[Captioned web images]
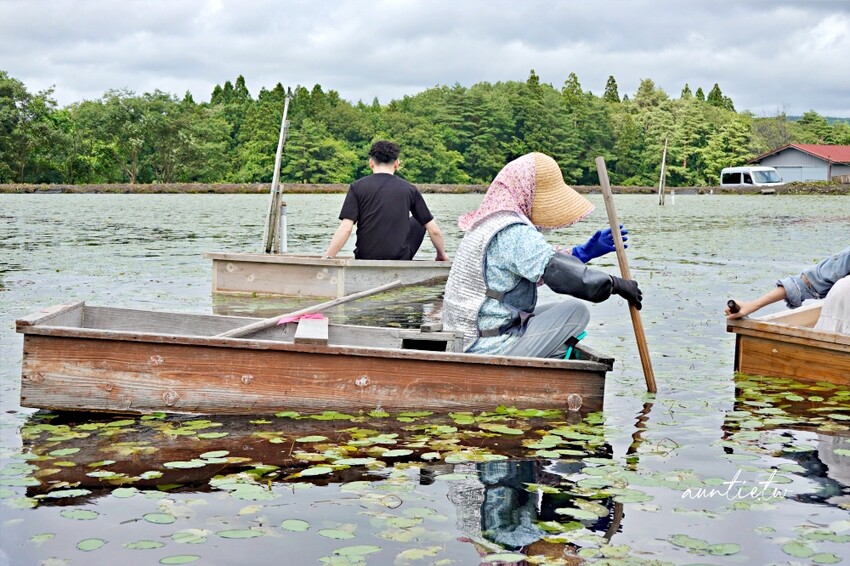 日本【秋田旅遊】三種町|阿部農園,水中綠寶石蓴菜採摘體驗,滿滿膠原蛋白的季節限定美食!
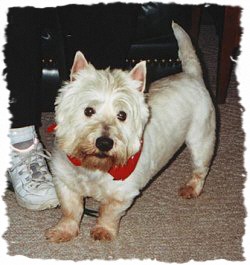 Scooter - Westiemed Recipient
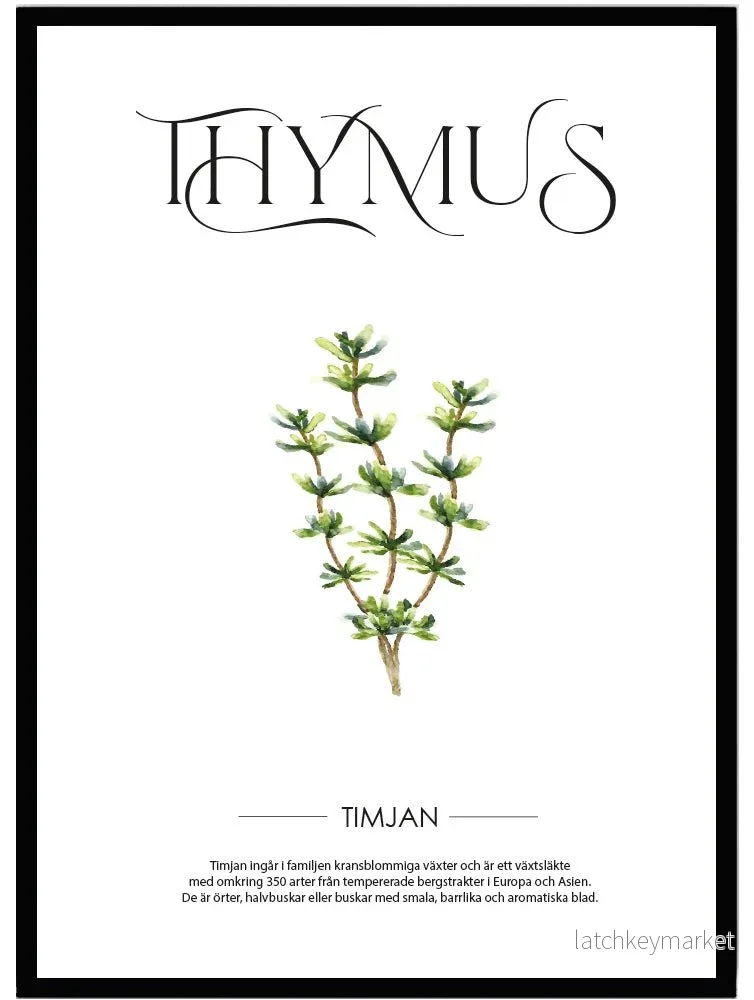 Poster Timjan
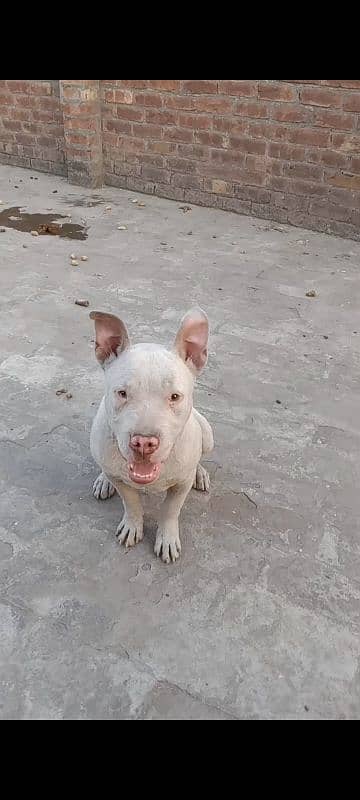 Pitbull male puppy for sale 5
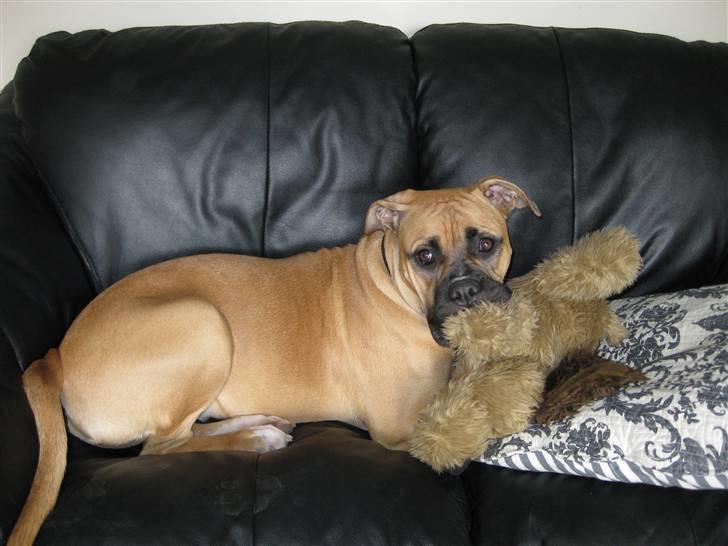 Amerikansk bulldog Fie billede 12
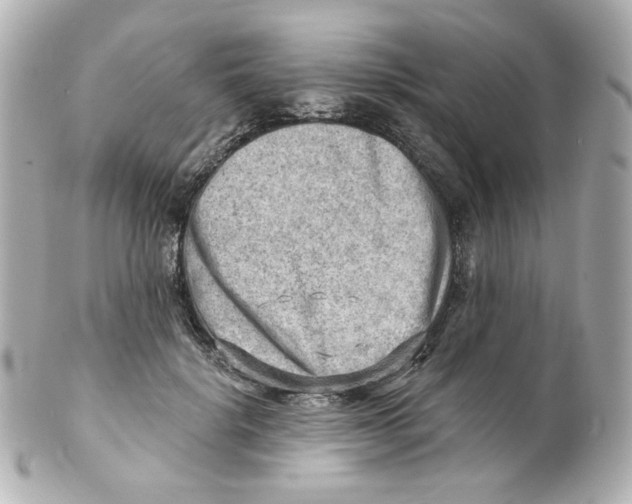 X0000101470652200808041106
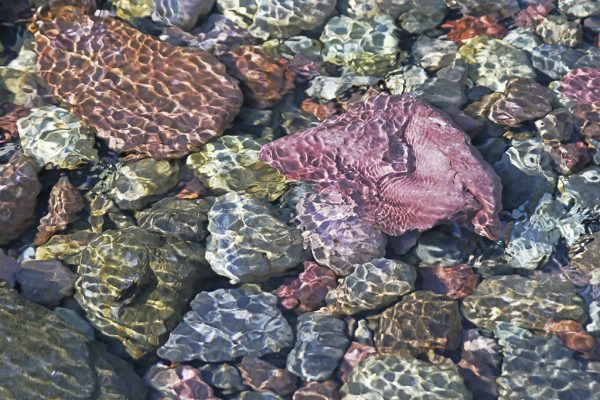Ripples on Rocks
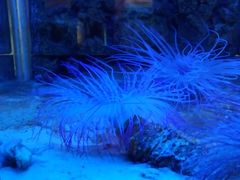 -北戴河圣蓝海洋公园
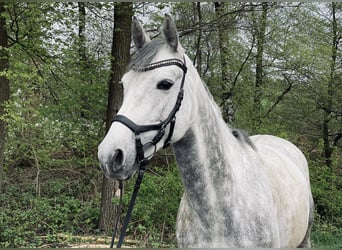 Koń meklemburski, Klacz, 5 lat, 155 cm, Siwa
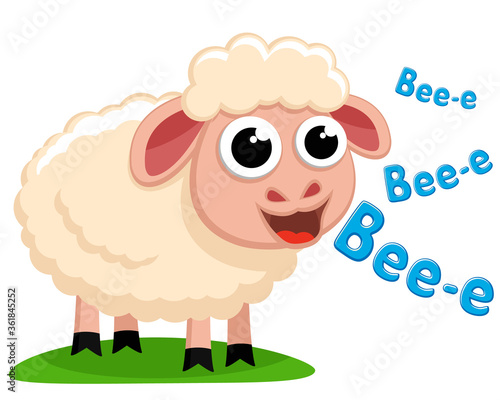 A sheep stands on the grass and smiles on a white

--- Brief ---
Nothing but the lines from the one that holds "Pitbull male puppy for sale 5" through the end of the data should appear, written out exactly, without pictures.

--- Exercise solution ---
 Pitbull male puppy for sale 5
 Amerikansk bulldog Fie billede 12
 X0000101470652200808041106
Ripples on Rocks
 -北戴河圣蓝海洋公园
 Koń meklemburski, Klacz, 5 lat, 155 cm, Siwa
 A sheep stands on the grass and smiles on a white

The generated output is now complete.